The next two panels reports results from splitting the out-of-sample period. One panel shows RMSFE in periods classified as either recessions or stalls, where stalls are crudely defined as in section 2 (i.e. as the four quarters immediately preceding a recession), while the other panel shows RMSFE in all other expansion periods. As expected, the relative accuracy of the Markov-switching forecasts at longer horizons is concentrated in recessions and stall periods.11 Finally, the bottom panel shows that the superiority of the Markov-switching forecasts is particularly pronounced over the last two business cycles, from 1993Q2 to 2010Q3. This is partly the case because, over this more-recent sample, the long-horizon Markov-switching forecasts are more accurate in normal expansion periods as well as in stall and recession periods. At the three- and four-quarter ahead forecast horizons, the RMSFE from the Markov-switching model are 12 to 14 percent smaller than those from the Blue Chip consensus; the bolding shows that the differences between the squared forecast errors at these horizons are statistically significant at the 5 percent significance level, using Diebold-Mariano standard errors with eight lags. The unconditional standard deviation of GDP growth was 2.62 percentage points over the 1993Q2 to 2010Q3 sample, so while Blue Chip again exhibits no forecasting ability beyond one-quarter ahead, the Markov-switching model does.

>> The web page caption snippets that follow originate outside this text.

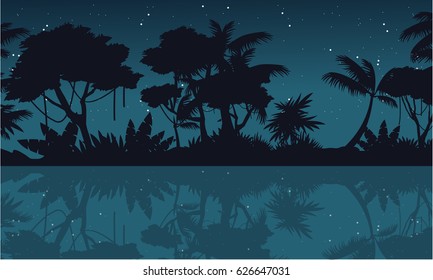 Lake scenery on jungle silhouette at night - Shutterstock ID 626647031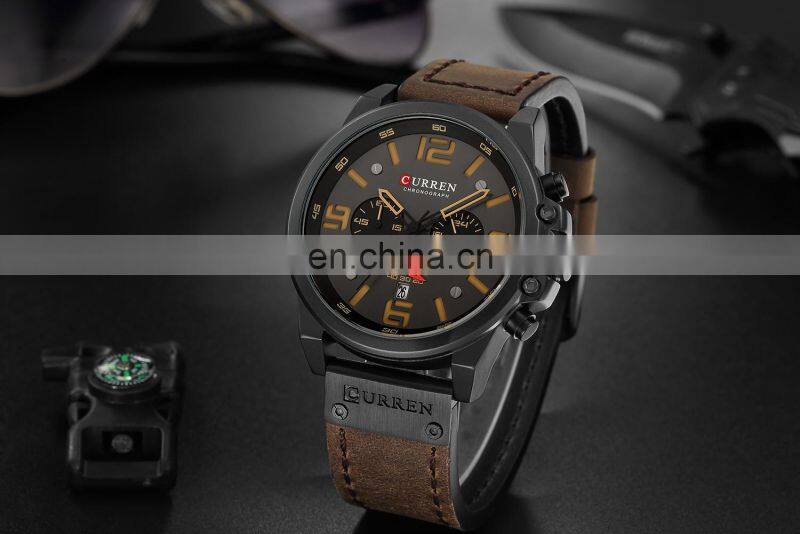 CURREN Mens Watches Top Luxury Brand Waterproof Sport Wrist Watch Chronograph Quartz Military Genuine Leather Relogio Masculino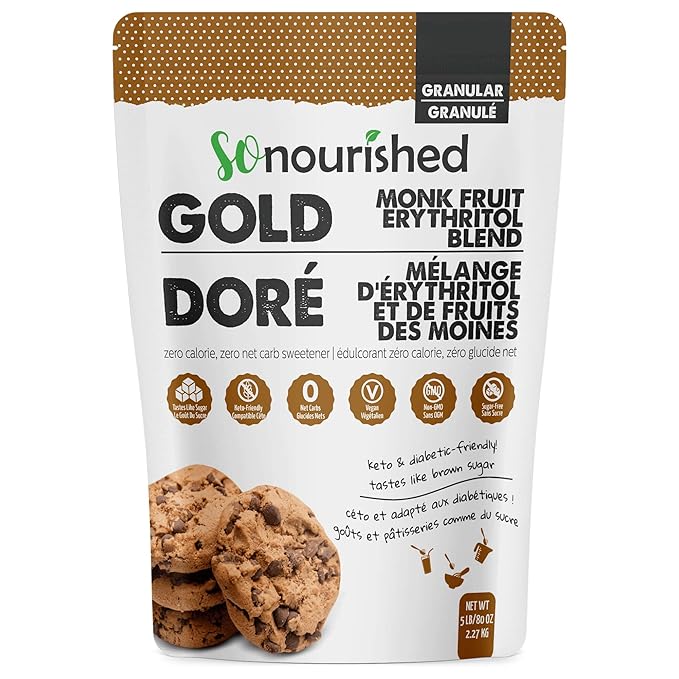 So Nourished GOLD Brown Sugar Alternative Substitute 1:1 Sugar Replacement - Monk Fruit Erythritol Sweetener for Low Carb Dieters and Diabetics - No Calorie Sweetener, Non-GMO (5 Pounds)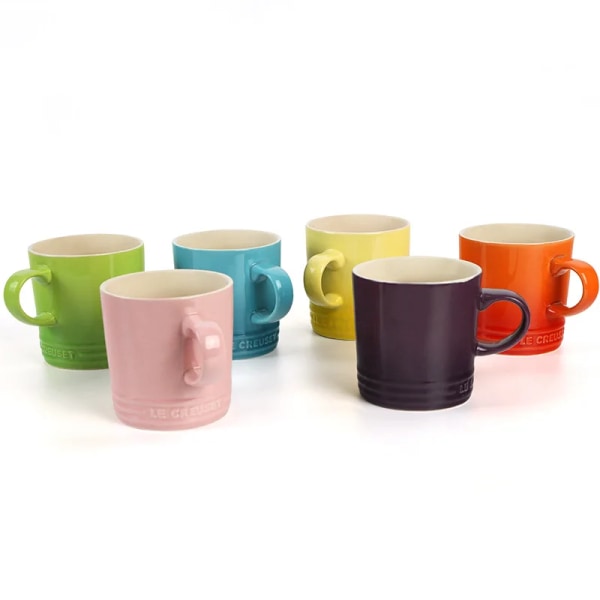Popular Nordic Style Color Gradient Mugs Creative Macaron Mug Gradient Color Cool Color Rainbow Cup Ceramic Cups with Hand Gift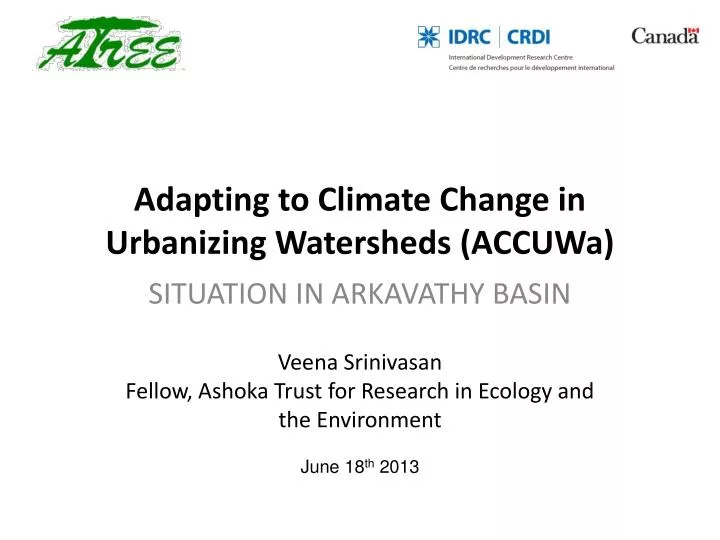 adapting to climate change in urbanizing watersheds accuwa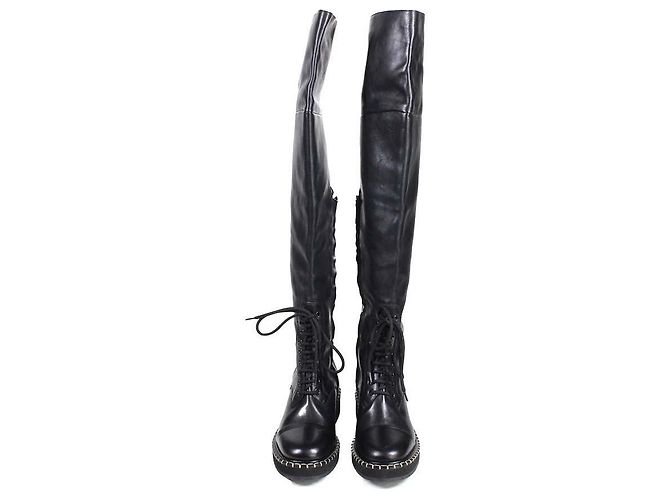 Chloé Botas Over-the-Knee de cuero negro - vista 3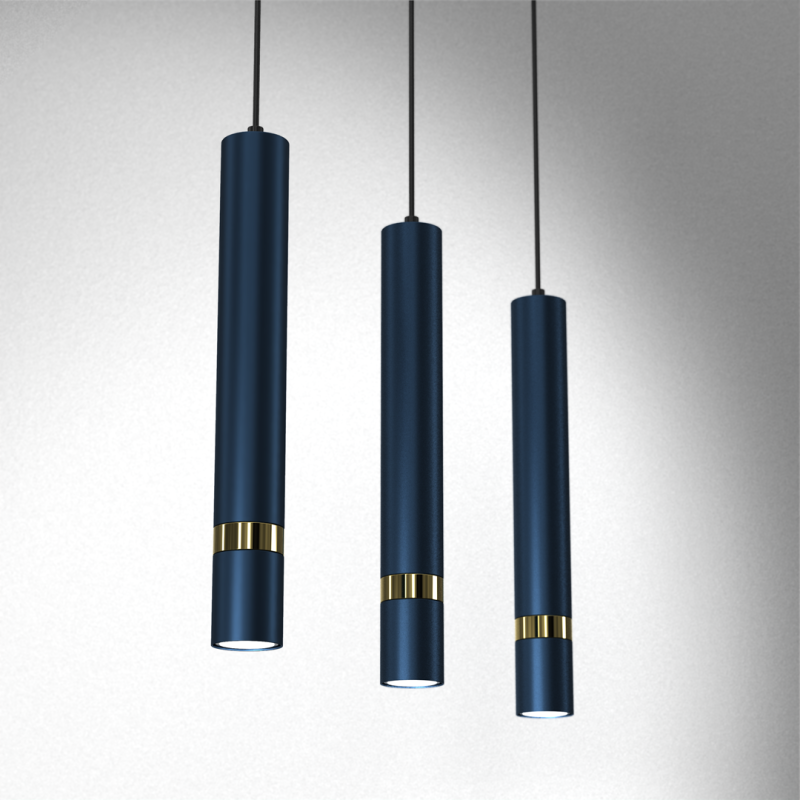 Suspension JOKER 3 tubes métal bleu anneau doré GU10 Minimaliste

It is notable that this long-horizon forecasting ability seems to stem primarily from the structure of the Markov-switching model, not from the selection of variables included in the model. So, while the slope of the yield curve and the change in housing starts are good long-horizon forecasting variables, using these two variables to forecast GDP growth recursively using OLS regressions yields three- and four-quarter ahead forecasts with RMSFE 13 to 14 percent larger than those from the switching model. Such regression-based approaches are standard, and, indeed, ubiquitous in economic forecasting, so it is interesting that the Markov-switching model does better by taking an entirely different approach to forecasting. The Markov-switching model does not estimate a single regression to construct its forecasts, but rather relies on the transition matrix  P to construct forecasts extending arbitrarily far ahead. Figure 17 gives more insight into how this works, and why the Markov-switching model might be particularly good at forecasting beyond one quarter ahead. Conditional on 100 percent probability of being in a particular state of the world in period 0, the figure shows GDP growth forecasts from  k=1 to 12 quarters ahead, again just the probabilities computed using the iterated transition matrix  P^k multiplied by the three conditional means, which are 4.4 percent in state one, 1.7 percent in state two, and -1.3 percent in state three.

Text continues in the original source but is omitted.